One studio struck oil by buying foreign films that had great scenic values and plenty of long shots. These films were bought outright, negative and all. Then a new story was written around these long shots and American actors hired to play the few reels needed to go with the salvaged scenery. The only demand on the refurbished plot was that the writers had to dream up excuses for their characters to go through the same scenic exteriors in the same groupings and dressed exactly the same as in the original. In that way, all the picturesque entrances and exits could be retained. Shooting the outdoor close-ups and the interior sets for the new version was a routine matter, quickly done. But the total result was very dressy indeed, thanks to the Swiss Alps shot by somebody else and bought for peanuts.


Borrowed Thrills

Another sleight-of-hand trick that’s used every day in the B-hives is the so-called montage. That’s a series of quick cuts of film borrowed from earlier pictures. It’s the Lend-Lease of the studios, Whatever the subject, there is always film available from some other fellow’s picture that will add otherwise prohibitive flavor to a sequence.

Say it’s a gangster film. Tony and his mob have been terrorizing the city for months. You can’t shoot a first-class crime wave on short dough, so you borrow or buy about twenty pieces of thrilling moments from twenty forgotten pictures. A fleeing limousine skids into a streetcar, a pedestrian is socked over the head in an alley, a newspaper office is wrecked by hoodlums, a bomb is thrown into a dry-cleaning truck, a woman screams, a couple of mugs are slapping a little merchant into seeing things their way. And so on until we end up on a really big explosion. All this, garnished with sound effects and crescendo orchestration, dissolves through to three serious-looking actors in a standing set. One of the men says, "This city has got to be cleaned up. Tony and his mob have got to go." And this is Scene I in the script which will be shot on Stage 3.

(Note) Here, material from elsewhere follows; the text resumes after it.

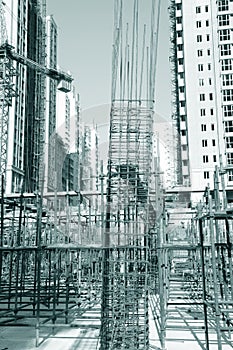 Steel grid on the construction site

Montages can take care of World War I or II, a cross-country journey, a college education, a rise from poverty to riches or anything else too expensive in time and money to photograph. Often the determined face of the leading man is superimposed over this potpourri to remind you it is he who is having all these experiences. Of course, he’ll never know how he suffered until he sees the preview.

One producer fell in love with a reel of train wheels. Somebody shot too much of a speeding train one day. Probably the wind on the handcar which was following the engine’s underpinning with the camera was so strong that the cameraman couldn’t hear the command to cut. Or something Anyway, here was all that lovely footage of train wheels going somewhere.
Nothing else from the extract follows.